That’s right, and I would agree with Bridgman that it’s essentially meaningless if it has no operational significance; it becomes just a matter of semantics.
It’s a difference that makes no difference.
You asked shout Tolman: Here’s second quarter, 1922-23; [reading from notes] Tolman, “the classification of the sciences, concepts, ‘what is this course?’ sciences, quantities, space and. time [and other topics, not audible]” — well, that seems to be the start –- “mathematical physics, universal discourse, indefinables, definitions, defined terms, postulates (introduction theorems), internal criteria, external criteria, logicalities.”
That’s a lot of words; I hope you didn’t have to commit those to memory!

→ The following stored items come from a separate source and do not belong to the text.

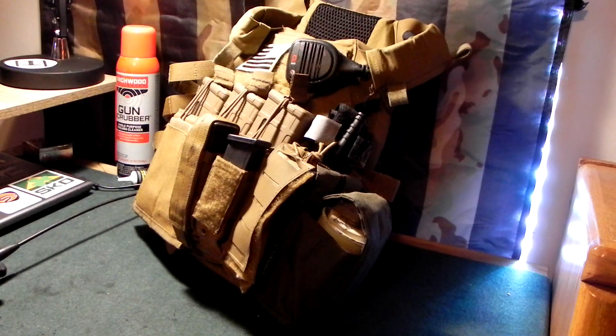Welcome back to the channel. In this video we're going to be going over comms and comms setups. This is going to be a two part video — first we'll go over my setup and why I have it set up that way, and in the second video we'll go over some SOPs and procedures for operating comms. So let's get into this video.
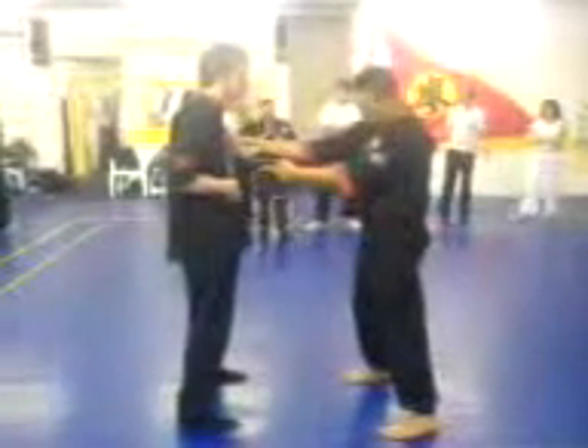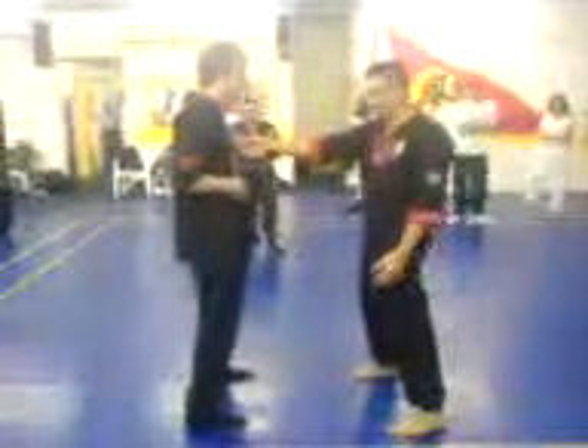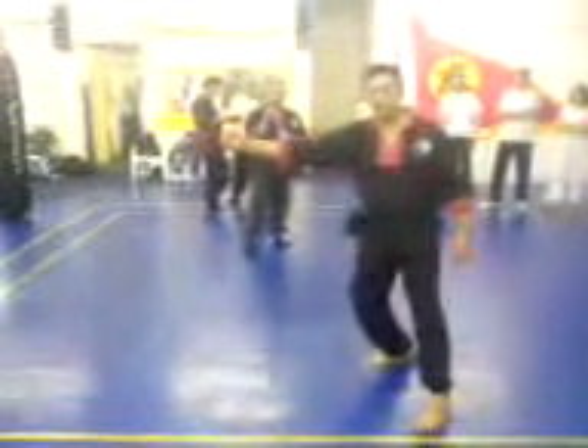I'm going to start from an inch position here, so that my hand is about only one inch from here. Now, I'm going to start from this position — if I go this way, this side.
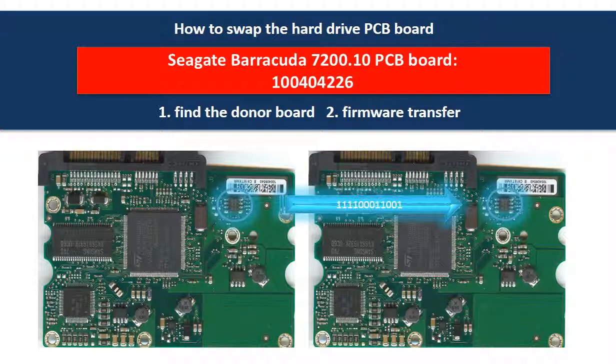Hello everyone. This is a tutorial on how to swap the hard drive PCB board.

I don’t think so. “Two kinds of magnitudes: extensive can be divided, intensive cannot be divided. Quantities: scalar, vector multiplication, inner products — well, you see, he was perhaps a little slow in getting started. Here are Tolman’s rational units — I remembered this, you see — (Lewis and Adams’) ultimate rational units. Stefan’s constant — they tried to determine Stefan’s constant in this roundabout way. The entropy, the Sackur-Tetrode constant; they got a value which was wrong for the Sackur-Tetrode constant. This would make Planck’s constant the square root of 8/l5ths pi to the fifth — Planck’s constant is derived on this theme. Yes, I don’t know how it comes out. I don’t know what he’s getting into here –- “relativity of size”; this is the “theory of similitude,” he called it, too. And “relativity of motion in free space,” so he discussed theory of relativity for awhile.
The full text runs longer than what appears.